Yes. This has already been demonstrated by "Teaching Arithmetic to Small Transformers" https://arxiv.org/abs/2307.03381 , I'm not sure what OP adds except demonstrating that you can do that via the embedding itself rather than the tokenization.
> We first demonstrate that conventional training data is not the most effective for arithmetic learning, and simple formatting changes can significantly improve accuracy. This leads to sharp phase transitions as a function of training data scale, which, in some cases, can be explained through connections to low-rank matrix completion. Building on prior work, we then train on chain-of-thought style data that includes intermediate step results. Even in the complete absence of pretraining, this approach significantly and simultaneously improves accuracy, sample complexity, and convergence speed. We also study the interplay between arithmetic and text data during training and examine the effects of few-shot prompting, pretraining, and model scale. Additionally, we discuss length generalization challenges.

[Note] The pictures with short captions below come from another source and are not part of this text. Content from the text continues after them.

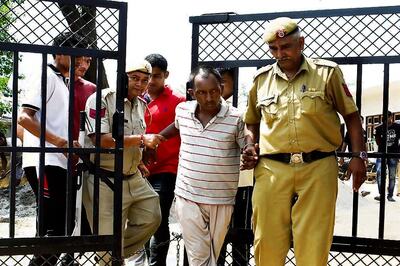 Ryan Murder Case: School Bus Conductor Ashok Kumar Granted Bail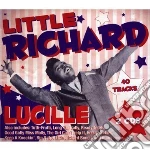 Little Richard - Lucille (2 Cd) cd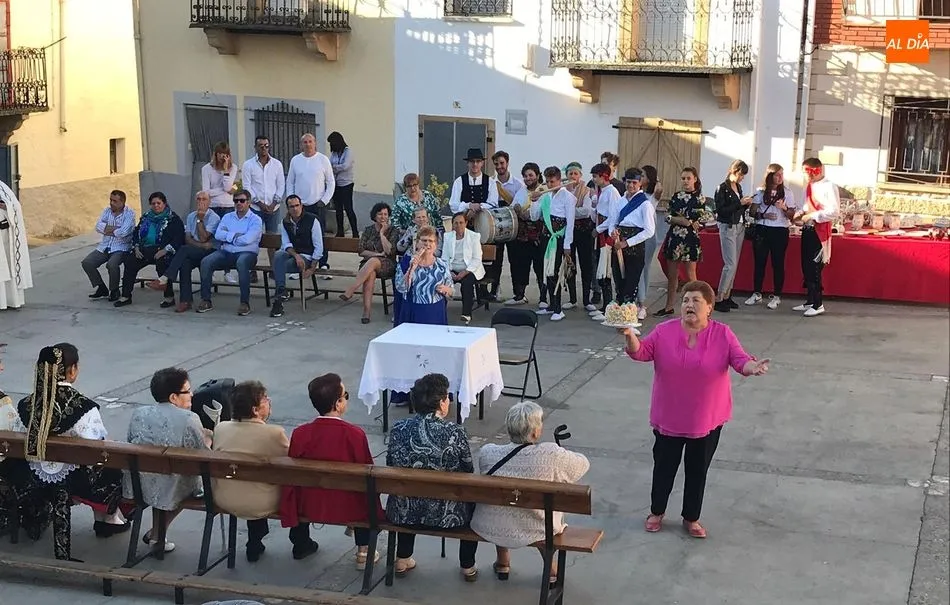 Foto 8 - La Feria de la Almendra de Saucelle sube un nuevo pelda&ntilde;o  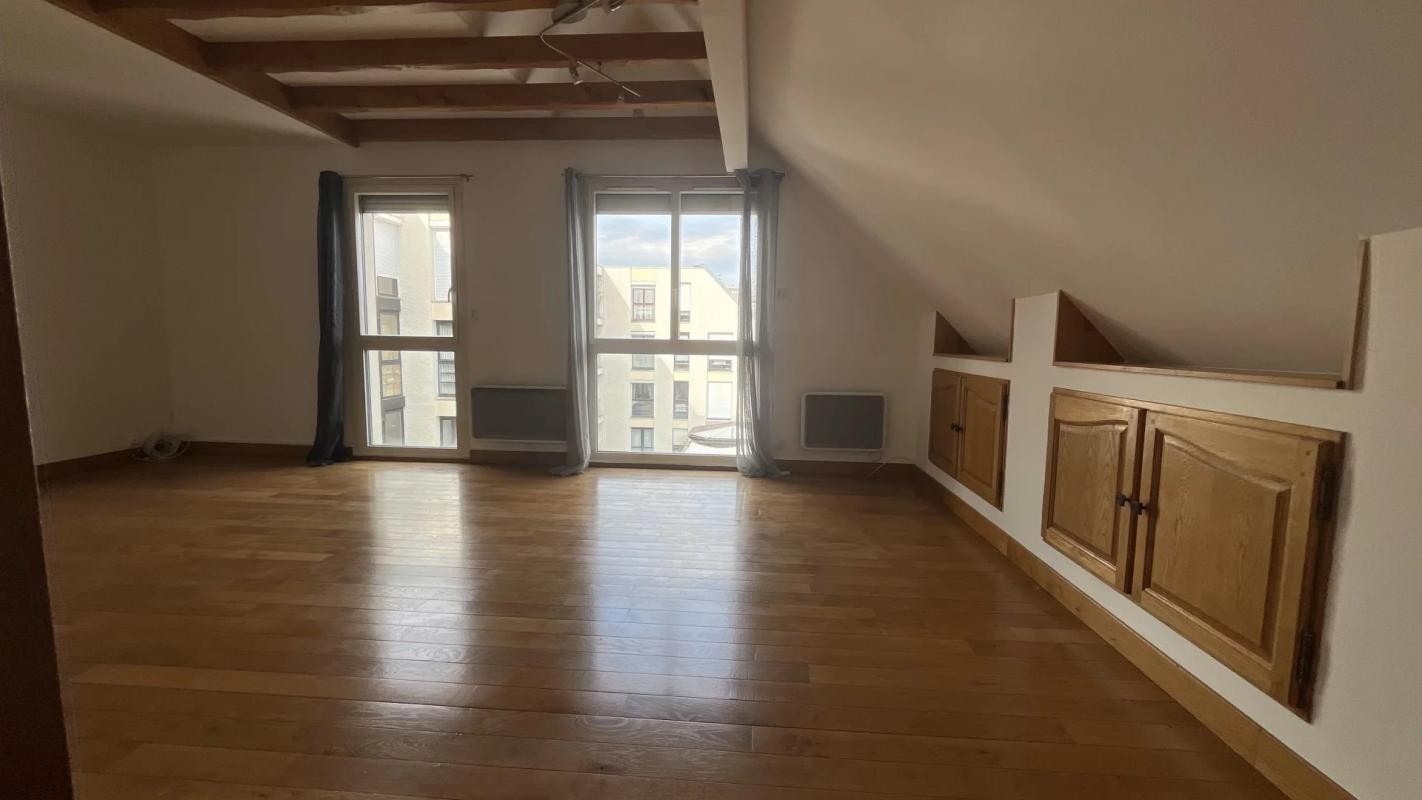 Vente Appartement à Gagny 4 pièces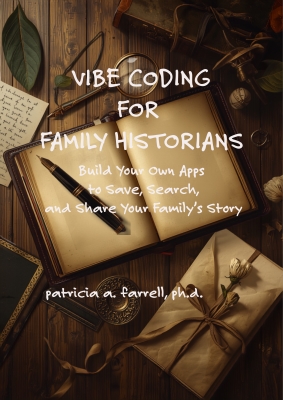 Vibe Coding for Family Historians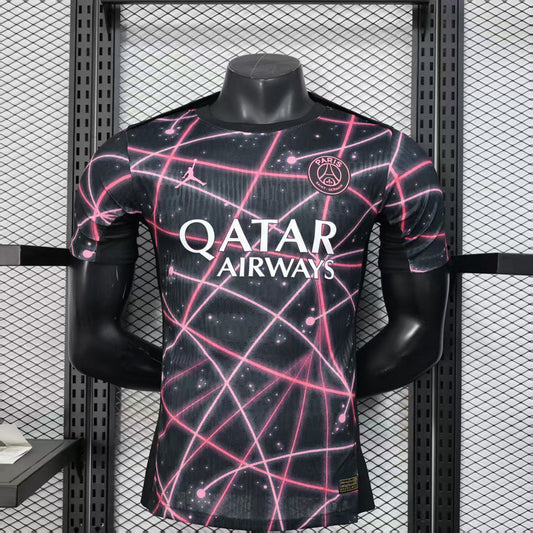 PSG Roz Negru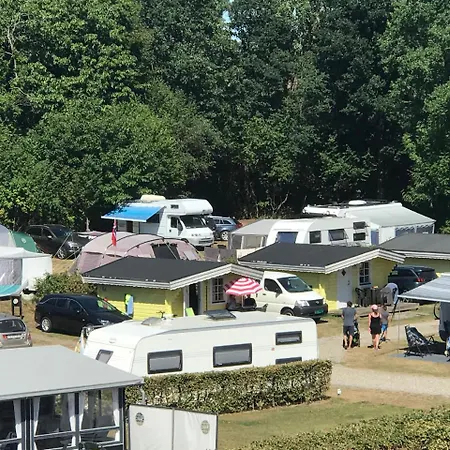 City Camping Hjorring 3*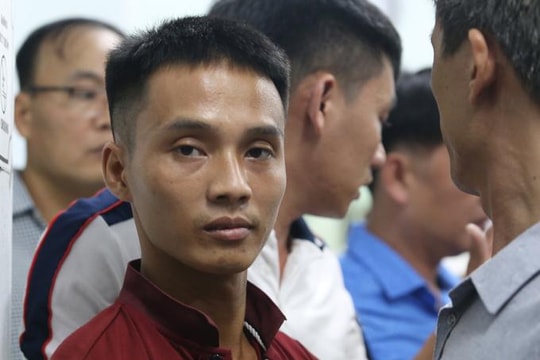 Đối tượng giết người, cướp tài sản Triệu Quân Sự lần thứ 3 trốn khỏi trại giam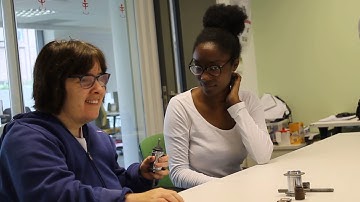 Training in Systematic Instruction delivered by Mike Petrie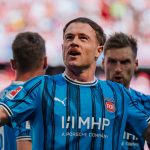 Bundesliga, 32^ giornata: arrivano i verdetti in zona retrocessione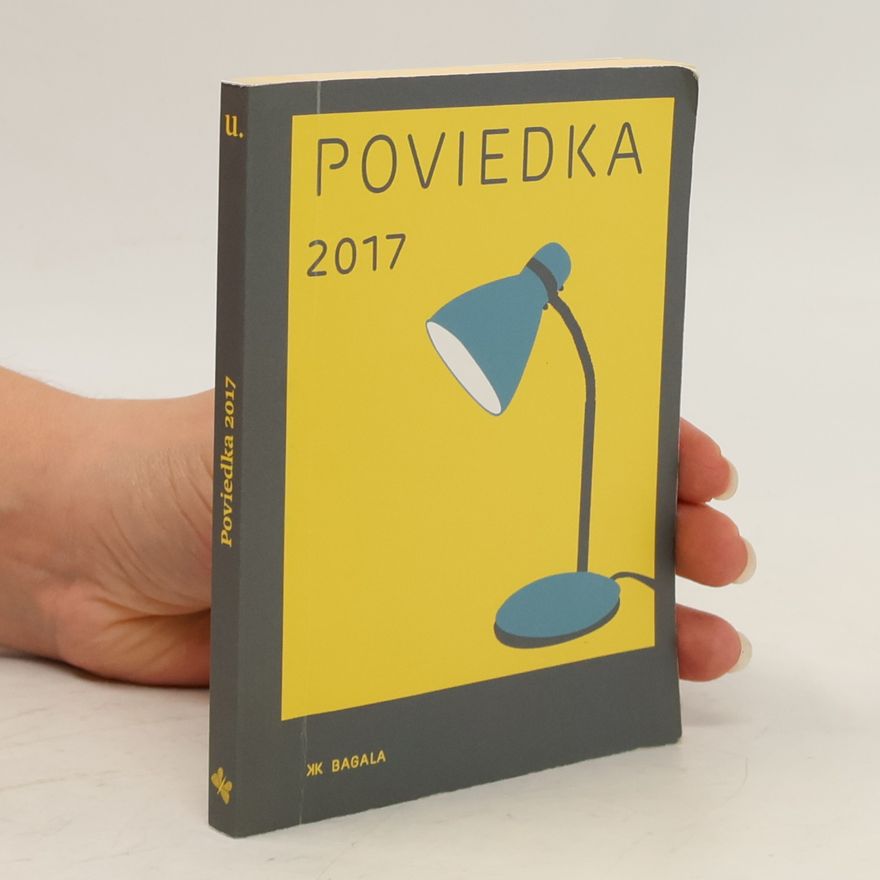 Various authors Poviedka 2017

This is an interesting idea but probably hard to verify.
A tangent is that positional systems were originally invented with least digit first, I believe.
The Babylonian sexagesimal system was like that as was the Arabic one (where first is on the right).
The most significant digit first convention came when right-to left numbers were used in left-to-right systems without reversing them in writing. To this day we read the more common smaller numbers least significant digit first to varying degrees.
16 = six teen, sech zehn
98 = acht und neunzig, achten negentig, ثمانية وتسعون